Julie Roberts trained in London, Glasgow, and Budapest and now lives and works in southern Scotland. Gynæcology Chair belongs to an early set of works, made in the early 1990s, which tackled the oppression of the female body. Here the gynecological chair is painted in almost uncanny realism yet floats untethered upon a blue ground so that, divorced from any medical context, it starts to resemble a weapon or an instrument of torture. Roberts was inspired by the ideas of the then fashionable French poststructuralist thinker Michel Foucault, as well as the work of contemporary feminist theorists, when philosophers such as Susan Bordo were focusing their critical writing in the early 1990s on the intersection of the female body and culture. The clinical scrutiny of the female body, while ostensibly therapeutic, simultaneously defines female bodies as objects to be disciplined and controlled.

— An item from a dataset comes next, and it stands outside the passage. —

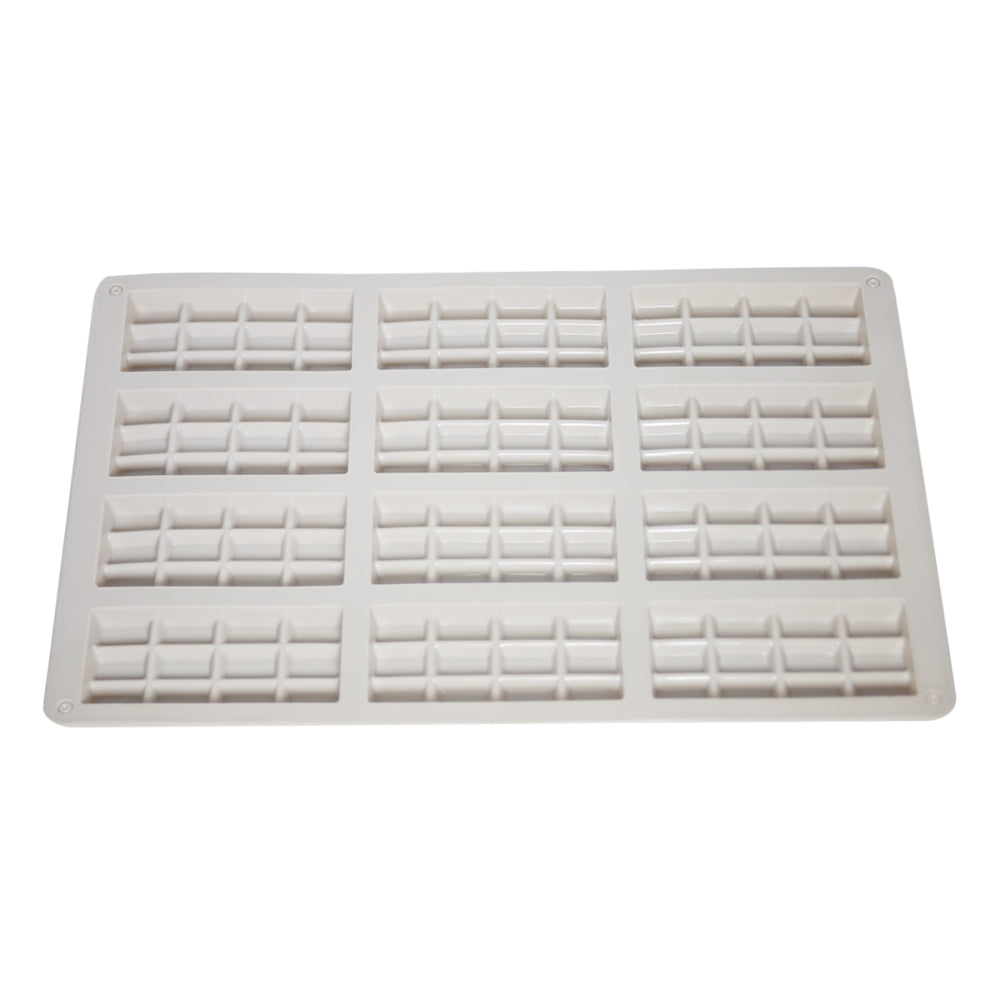 Silicone Rectangle Bar Mold 12 Cavity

Gallery label for installation of YCBA collection, 2016

Figuring Women - The Female in Modern British Art (Yale Center for British Art, 2008-03-28 - 2008-06-08) [YCBA Objects in the Exhibition] [Exhibition Description]

Revisiting Traditions [BAC 20th century painting & sculpture] (Yale Center for British Art, 2002-04-30 - 2005-05-18) [YCBA Objects in the Exhibition]

20th Century Paintings and Sculpture (Yale Center for British Art, 2000-01-27 - 2000-04-30) [YCBA Objects in the Exhibition]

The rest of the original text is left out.